Not 'The Wire' - The Barbed Wire
I get very uneasy when characters in war dramas start up the "what are we fighting for" dialogue. That's not how I've ever heard members of the Armed Forces speak.

As a writer I'm very lucky to live in the era of helmet-cam footage from Iraq and Afhganistan. The vocabulary may be different, but this is the first era in which we can hear what men say in and out of combat.
I'm using this photo of a bit of old smashed rum jar (and my boot for scale) which I saw in Gully Ravine, Gallipoli. Evidence of a daily life which is hard to discern in  a general WW1 picture of a harmonica-playing corporal and an officer with bum-fluff waist-deep in a muddy trench for four and a half years. And waiting to go over the top for every second of it.

I wanted a group of men we could follow for all that time and get a sense of having to solve problems and get things done under extraordinarily difficult circumstances.

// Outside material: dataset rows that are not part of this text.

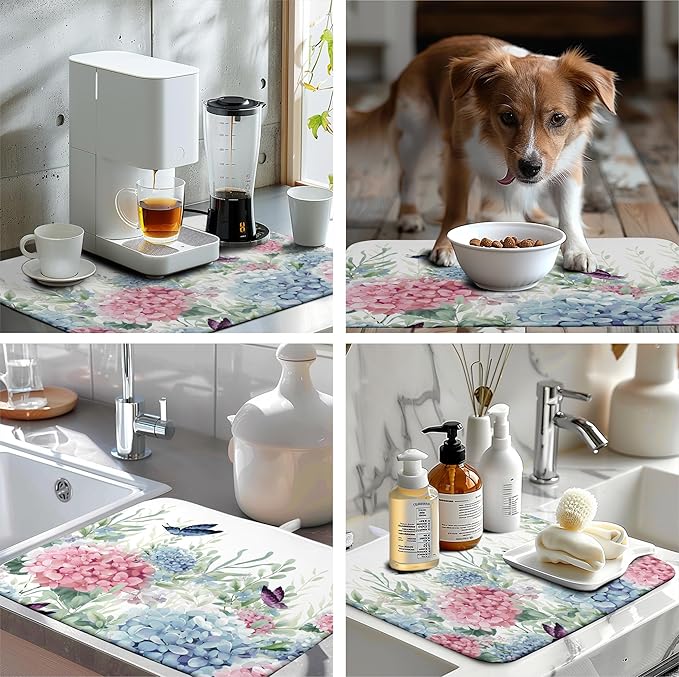 Spring Flowers Dish Drying Mat for Kitchen Counter Blue Pink Hydrangea Floral Drying Mats Absorbent Reversible Microfiber Dish Draining Mat Reusable Washable Dishes Pad Extra Large 18"x24"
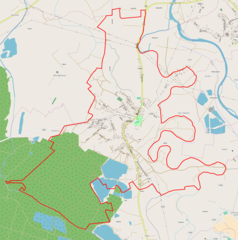 Mapa konturowa Radłowa, w centrum znajduje się punkt z opisem „Kościół św. Jana Chrzciciela”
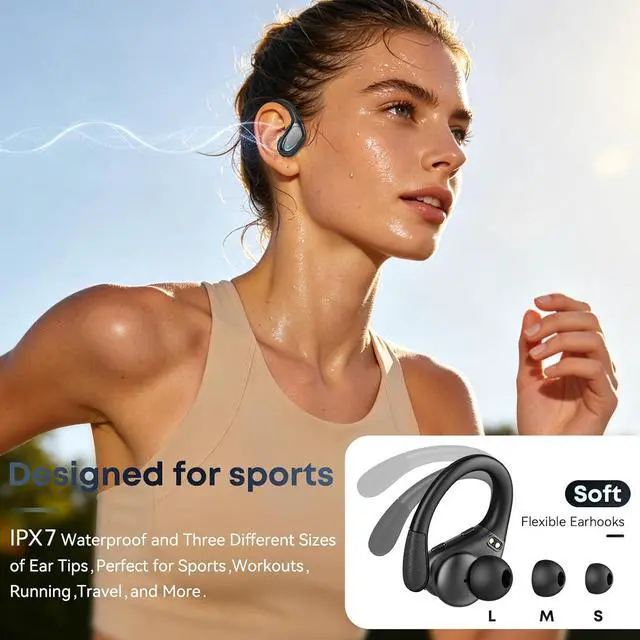 Alt view image 2 of 7 - Wireless Earbuds Sports Bluetooth Headphones Noise Canceling Ear Buds with 80hr Playtime LED Power Display IPX7 Waterproof Earphones for Gym/Workout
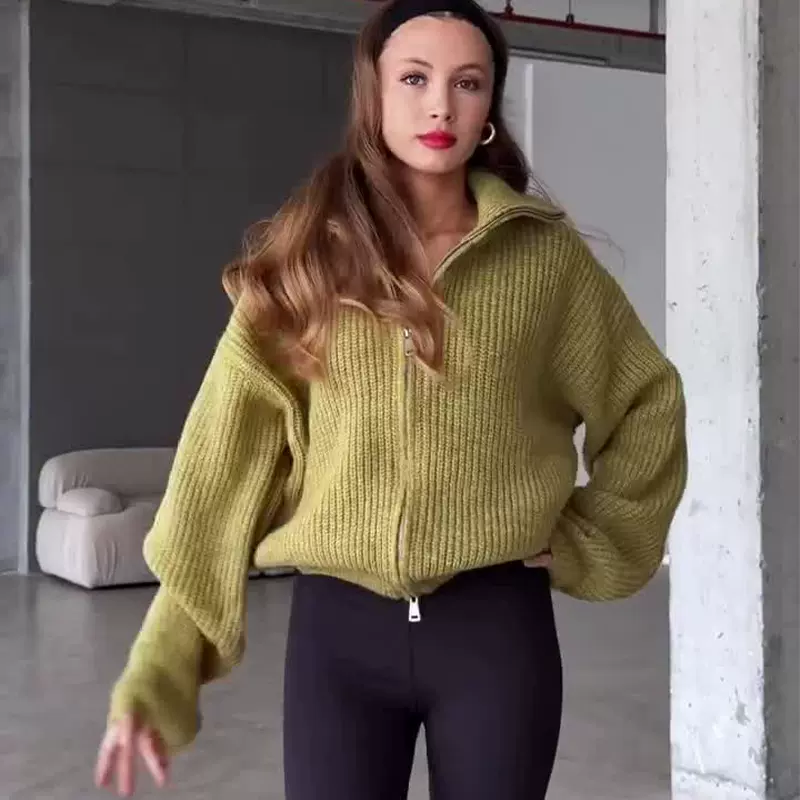 2025年秋季新款亚马逊欧美跨境外贸针织翻领拉链长袖宽松针织毛衣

We all know that a Police procedural drama - Prime Suspect, The Wire, The Bill - is as much a drama about fighting budgets, worn-out kit and your own gadabout officers as it is about fighting for Truth or Justice or any of that high-flying stuff.

I hope that Tommies, by concentrating on the potentially war-winning work of the Signals Service, can shine a light on the answers to lots of questions I have about the daily experience of every soldier.